2006 Cabernet Sauvignon Howell Mountain / 96-97 p
One hundred percent of Cabernet Sauvignon from the Keyes Vineyard on Howell Mountain, and in the hands of winemaker Chris Carpenter, those grapes turned out to be just fantastic in the bottle. This is dark, well, actually it’s opaque, and youthful in its ink purple color. As expected the concentrated dark fruit is ripe but not sweet, since it’s balanced with loads of tannins and stony minerality – oh, yes, the Howell Mountain volcanic soil comes with the bottle. Surprisingly it’s not rustic or harsh at all, on the contrary I wrote “delicious” in my tasting notes, that’s because the intensity of the slightly sweetish, cherry like ripe and very delicious fruit. This dark fruit is joined by notes of graphite, an almost granite like dustiness, but to my surprise very little oak. Almost a third of the wine was left in the bottle until the day after, and when tasted, it was absolutely stunning.
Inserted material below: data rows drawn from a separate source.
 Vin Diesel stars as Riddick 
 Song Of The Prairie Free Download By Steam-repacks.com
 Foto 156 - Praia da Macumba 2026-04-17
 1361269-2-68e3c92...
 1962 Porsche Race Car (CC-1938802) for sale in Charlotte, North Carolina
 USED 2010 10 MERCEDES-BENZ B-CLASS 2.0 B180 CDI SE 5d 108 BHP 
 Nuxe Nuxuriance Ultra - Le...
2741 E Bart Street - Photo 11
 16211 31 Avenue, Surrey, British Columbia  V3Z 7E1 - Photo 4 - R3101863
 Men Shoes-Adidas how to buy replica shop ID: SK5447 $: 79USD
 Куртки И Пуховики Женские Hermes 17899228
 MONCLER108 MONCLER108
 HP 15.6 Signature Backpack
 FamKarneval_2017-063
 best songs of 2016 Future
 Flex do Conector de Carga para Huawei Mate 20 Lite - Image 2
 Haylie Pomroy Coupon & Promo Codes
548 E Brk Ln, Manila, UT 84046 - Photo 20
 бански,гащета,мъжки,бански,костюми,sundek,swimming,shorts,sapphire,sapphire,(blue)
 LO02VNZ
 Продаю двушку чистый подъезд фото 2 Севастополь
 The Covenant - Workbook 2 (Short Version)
Even day two after the tasting, the wine held together in a way that was amazing. To me, that’s the best sign of a wine that will evolve slowly over many years, into something even more fantastic. A recommendation though, is to decant this wine at least 2-3 hours before serving it.
Drink it 2014-2030

2006 Cabernet Sauvignon Mount Veeder / 96-98 p
Normally the most impressive bottling from Lokoya is the one from Mount Veeder, and in this vintage there’s no change from that “rule”. When I poured it, it was a bit closed, still almost opaque and densely concentration, but I felt it didn’t show all its glory and power. Therefore I let the wine sit in the decanter for almost two hours before I started to taste and judge the wine properly. Even if there was a slight spiciness from the oak, it was extremely well integrated in the dense fruit, a detail that reveals the skill of the winemaker. Of the three 2006s of Lokoya, this is the most concentrated, but also the most impressive – not for its power, but for its overall fantastic balance. The fruit flavors are best described as cassis (with just a hint of aromatic greenness) and sour dark cherries, especially after several hours in the decanter. For sure there’s a lot of concentration here, still the minerality breaks through the fruit and adds a great complexity. Then there’s also a very fine tuned of chocolate (from the oak), but I wouldn’t call it oaky. As for the other Lokoya wines, I kept the bottle for one, and even two days, just to see how well it kept. Again, that’s a very good sign!